O presidente angolano afirma que o seu país está contra a invasão da Ucrânia e considera que não haverá vitória militar de qualquer das partes, pelo que é urgente realizar conversações, "antes que seja tarde".

"A nossa posição é muito clara (...) condenamos a ocupação, pior do que isso, a anexação de parte do território ucraniano pela Rússia, mas para se pôr fim a isso, é preciso conversar, porque militarmente ninguém vai ganhar, nem a Rússia (...) vai tomar a Ucrânia, nem a Ucrânia vai tomar Moscovo", declara João Lourenço, numa entrevista conjunta concedida à Lusa e ao jornal Expresso.

Segundo o dirigente angolano, militar de formação, a "tendência de rearmamento da Ucrânia, que está no direito legítimo de se defender", não vai levar "necessariamente" a uma vitória militar sobre a Rússia, nem vice-versa.

"Antes que seja tarde, é preciso sentar à mesa de conversações", apela.

João Lourenço adverte que, se o sentido da guerra for para piorar, não é "utópico" o risco de uma confrontação nuclear: "e, aí, não será entre a Rússia e Ucrânia, será entre as grandes potências".

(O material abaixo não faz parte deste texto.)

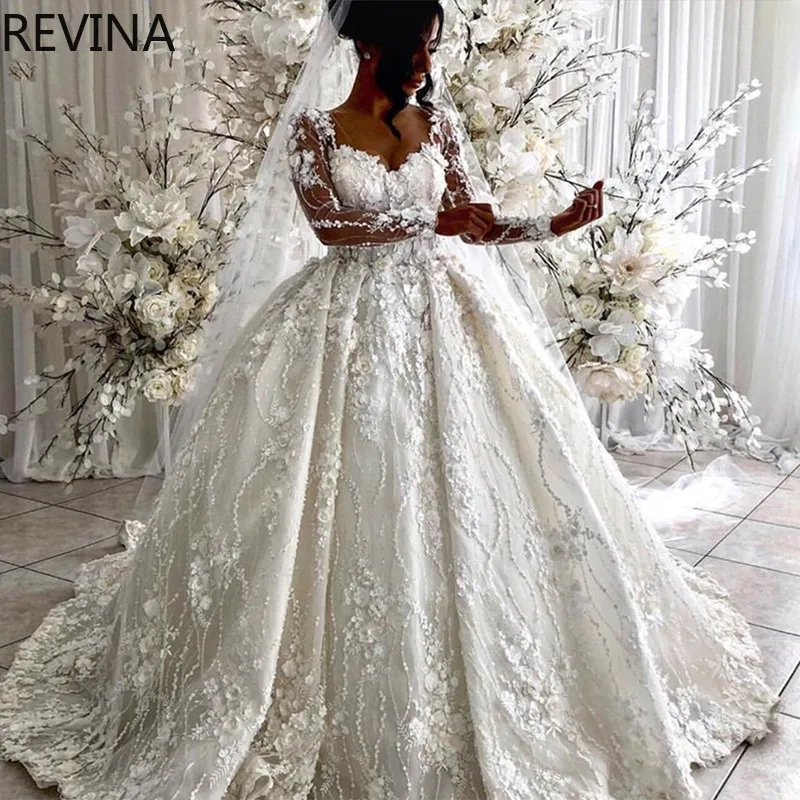 

Retro Ball Gown Wedding Dress Sweetheart Long Sleeve 3D Flower Bridal Dress Saudi Arabian Women Vestidos De Novia Customized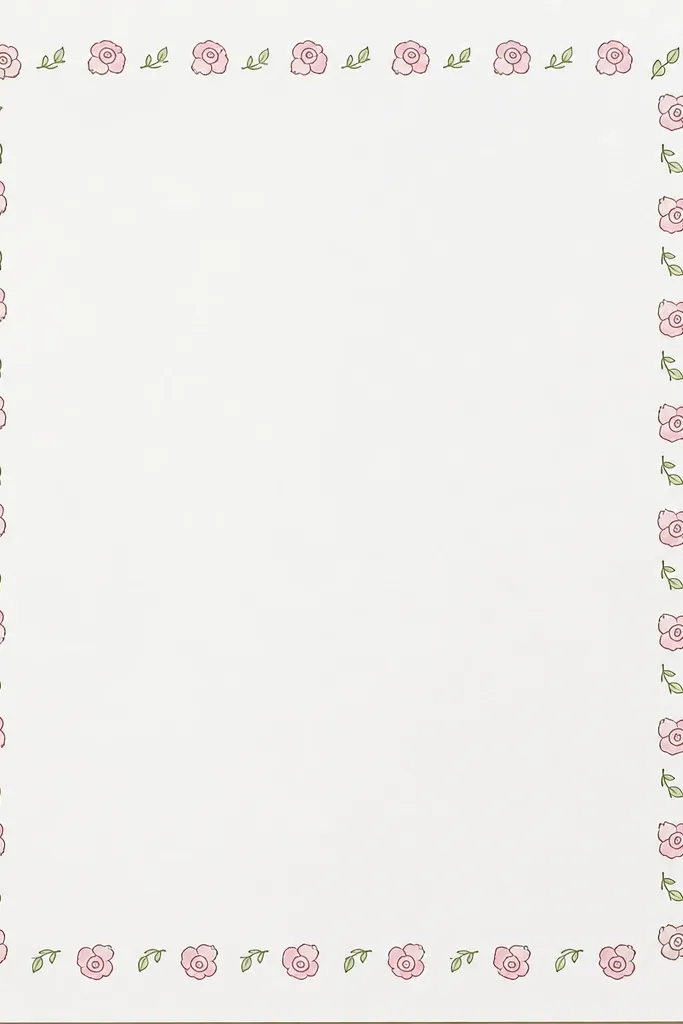 A repeating border of small roses along the edge of a page. Each rose is tiny, with a spiral center and three to four petals. The roses alternate direction. There are simple green leaves between the flowers. The border is neat, evenly spaced, and easy to color.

Para o chefe de Estado angolano, a iniciativa dessas negociações deve caber aos líderes dos dois países, Vladimir Putin e Vladimir Zelensky, mas os Estados Unidos e a China poderão encorajar essa acção.

"Penso e já tenho defendido que os Estados Unidos da América e a China, se chegarem a um entendimento, (...) deixando temporariamente de lado a questão de Taiwan, e decidirem que nos próximos três ou seis meses vão trabalhar juntos a favor da paz na Ucrânia, acredito que estaremos muito mais próximos de a alcançar", afirma.

Apesar de "lamentar" esta guerra, João Lourenço teme que se estejam a esquecer outros conflitos no mundo, que também ceifam vidas, destroem património e causam ondas de refugiados.

O chefe de Estado pronunciou-se igualmente sobre o papel da China no mundo e em particular no seu país, rejeitando que haja um grande investimento chinês em Angola, ao contrário do que acontece na Europa e na América.

"A maior empresa chinesa que assentou arraiais aqui em Angola é a Huawei, não há mais nenhuma, de resto, são micro e pequenas empresas de cidadãos chineses, muitos deles que vieram empregados das empresas que eram contratadas para as empreitadas e acabaram por ficar e fazem os seus negócios", diz.

Segundo o governante, a entrada do capital chinês em Angola verificou-se na sequência da fracassada conferência de doadores prevista para 2002 em Bruxelas e que nunca chegou a realizar-se, apesar do país necessitar de ajuda para reconstruir o país depois da guerra.

"Quem nos estendeu a mão nessa altura foi a China, que concedeu uma linha de financiamento para recuperação de infra-estruturas (...) e que Angola vai ter que pagar, já está a pagar (...) e os valores não são poucos", relata, comparando as relações económicas: "Entre quem empresta dinheiro e quem investe, é uma diferença muito grande".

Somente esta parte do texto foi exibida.